CILEGON – Sebanyak 19 item proyek pembangunan PT Chandra Asri Alkali (CAA) yang rencananya akan disatupintukan melalui Kamar Dagang dan Industri Indonesia (Kadin) Kota Cilegon masih terus dibahas. Kabarnya, para pengusaha lokal tak mendapat jaminan seluruhnya bakal dilibatkan dalam proyek tersebut. Hal itu terungkap usai Kadin Cilegon bersama HIPMI, HIPPI, dan Gapensi kembali menggelar pertemuan yang difasilitasi oleh DPMPTSP Cilegon di Ruang Rapat Mal Pelayanan Publik (MPP) Cilegon, Selasa (29/7/2025).

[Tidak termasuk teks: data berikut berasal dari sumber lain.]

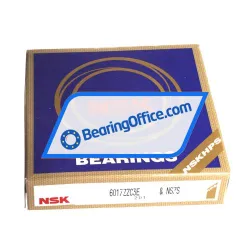NSK 6017ZZC3E rulman resim 3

“Hari ini saya kira gak lokal, gak global lah. Hari ini kualifikasi perusahaan kita, SDM kita. Lagian kalau ngomongin lokal Cilegon sama Jakarta juga jaraknya dekat. Hari ini yang penting kualifikasi masuk gak? Perfom gak? Kita kayaknya mainnya gak lokal,” kata Wakil Ketua Umum Bidang Tenaga Kerja dan Pendidikan Kadin Cilegon, Huluful Fahmi.
Menurut Fahmi, kendati daftar 19 item proyek pembangunan PT CAA ini masih belum terverifikasi dengan pasti. Namun, belasan proyek itu terbuka untuk siapapun selama memenuhi persyaratan.

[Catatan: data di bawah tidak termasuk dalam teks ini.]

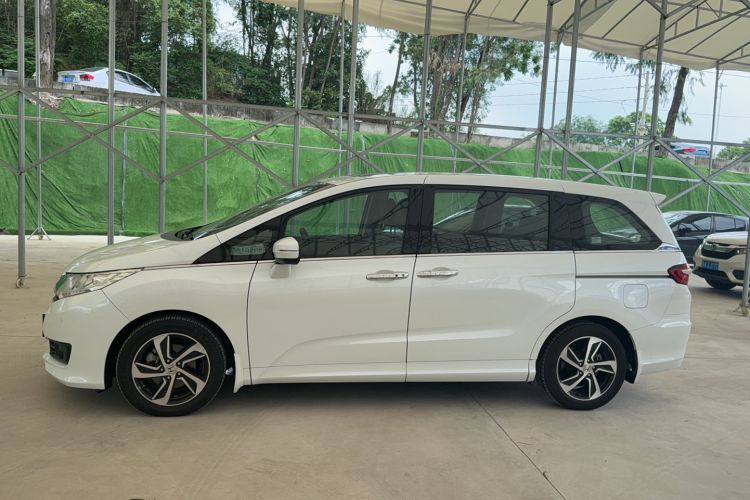 Used Honda Odyssey 2017 2.4L Luxury Edition Exterior 1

“Saya pikir lokal itu ditandai dengan apa coba? Kalau gue tanya ditandai dengan apa? Domisili? Saya kira gak mesti begitu lah, tapi yang punya KTA Kadin, Gapensi, punya SBU-nya itu kan it’s oke tuh pasti tersaringnya lewat begitu begitu, kualifikasi,” ucapnya.
Sementara, Kepala DPMPTSP Cilegon, Hayati Nufus juga membenarkan bahwa 19 proyek yang rencananya bakal dikoordinatori oleh Kadin Cilegon itu terbuka untuk pengusaha manapun.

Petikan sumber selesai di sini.